In the listing below, locate the line with "Patchwork Christmas Pink" and the line with "Homelegance® Helena Orange/Walnut", then output both and everything between them exactly, minus any pictures.

• _Entries shown_
____________
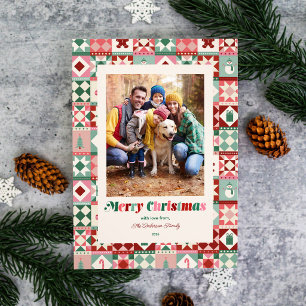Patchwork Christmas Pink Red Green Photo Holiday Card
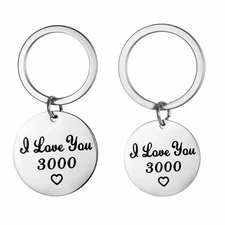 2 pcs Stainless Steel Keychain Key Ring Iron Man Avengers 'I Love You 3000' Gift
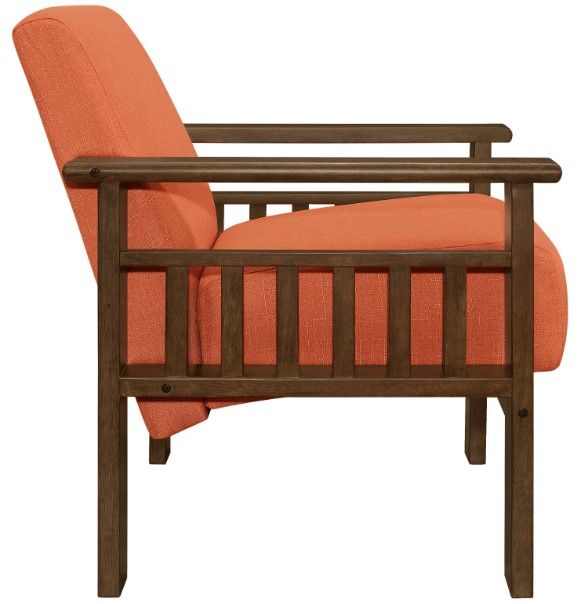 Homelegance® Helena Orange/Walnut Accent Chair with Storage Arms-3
____________
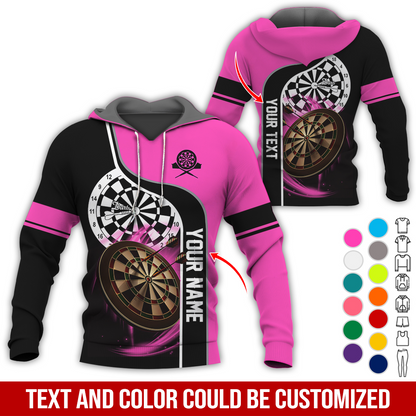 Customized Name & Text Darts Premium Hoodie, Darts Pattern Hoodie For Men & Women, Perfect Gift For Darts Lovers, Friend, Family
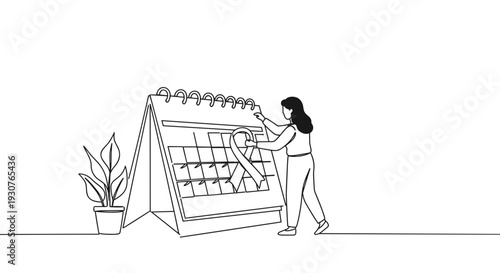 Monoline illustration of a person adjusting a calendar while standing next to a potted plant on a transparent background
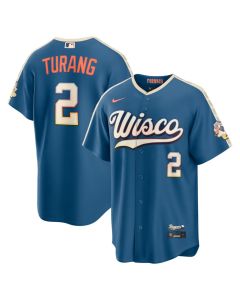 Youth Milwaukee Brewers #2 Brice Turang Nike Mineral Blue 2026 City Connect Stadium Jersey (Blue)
____________
• _Reply to the task_
Patchwork Christmas Pink Red Green Photo Holiday Card
 2 pcs Stainless Steel Keychain Key Ring Iron Man Avengers 'I Love You 3000' Gift
 Homelegance® Helena Orange/Walnut Accent Chair with Storage Arms-3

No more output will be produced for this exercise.